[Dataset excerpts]
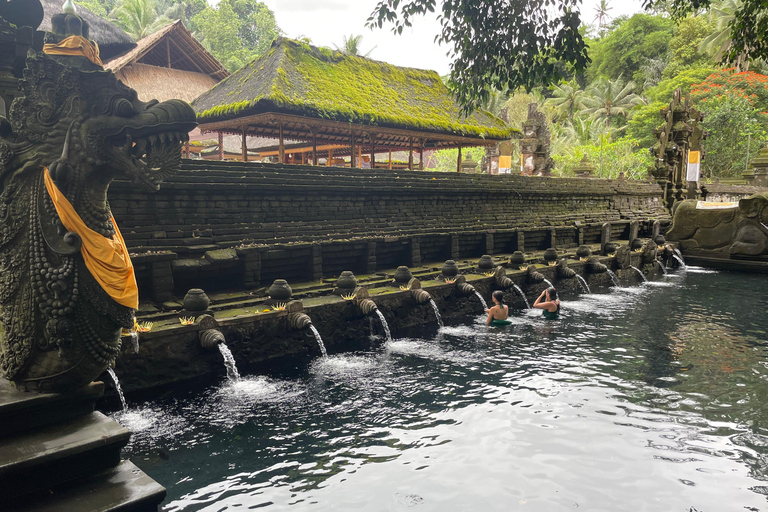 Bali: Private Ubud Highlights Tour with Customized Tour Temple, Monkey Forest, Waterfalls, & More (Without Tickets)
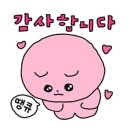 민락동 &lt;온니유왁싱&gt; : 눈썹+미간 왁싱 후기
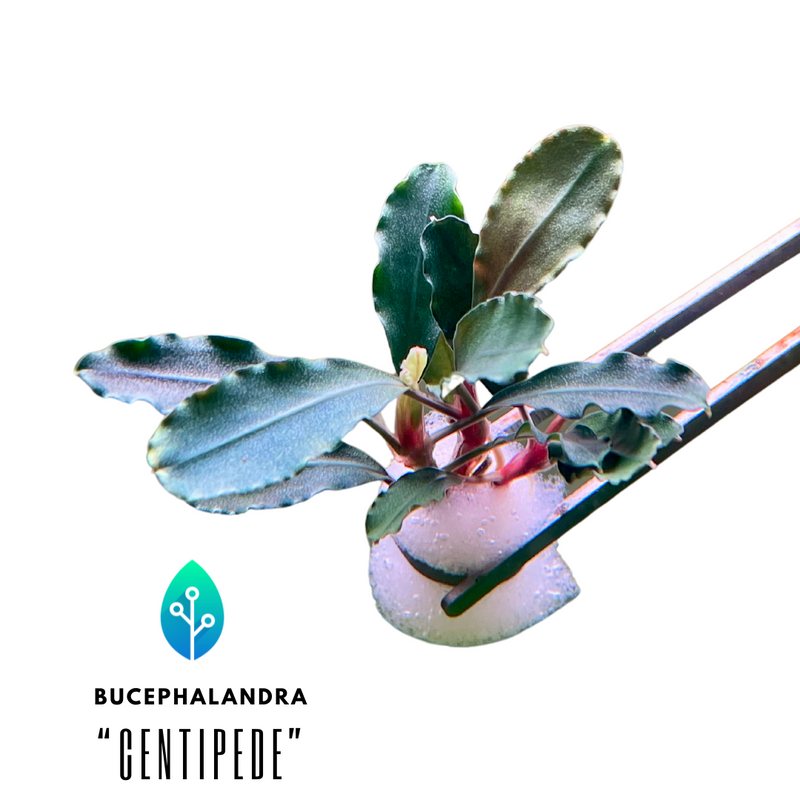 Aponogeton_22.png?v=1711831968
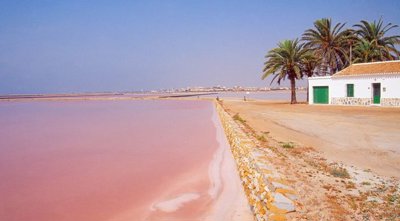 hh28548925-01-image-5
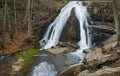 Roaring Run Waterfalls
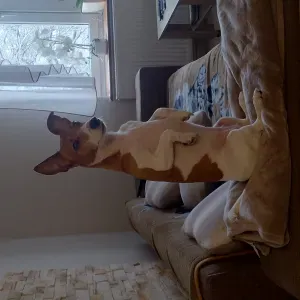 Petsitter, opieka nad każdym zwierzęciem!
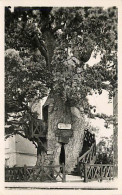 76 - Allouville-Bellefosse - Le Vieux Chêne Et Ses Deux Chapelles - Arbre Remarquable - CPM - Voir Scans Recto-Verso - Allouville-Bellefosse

◆ WORK TO COMPLETE:
The lines to be quoted run from the line containing "Petsitter, opieka nad każdym zwierzęciem!" through the end of the entries above, both included; quote them exactly and leave out any pictures.

◆ REPLY TO THE TASK:
 Petsitter, opieka nad każdym zwierzęciem!
 76 - Allouville-Bellefosse - Le Vieux Chêne Et Ses Deux Chapelles - Arbre Remarquable - CPM - Voir Scans Recto-Verso - Allouville-Bellefosse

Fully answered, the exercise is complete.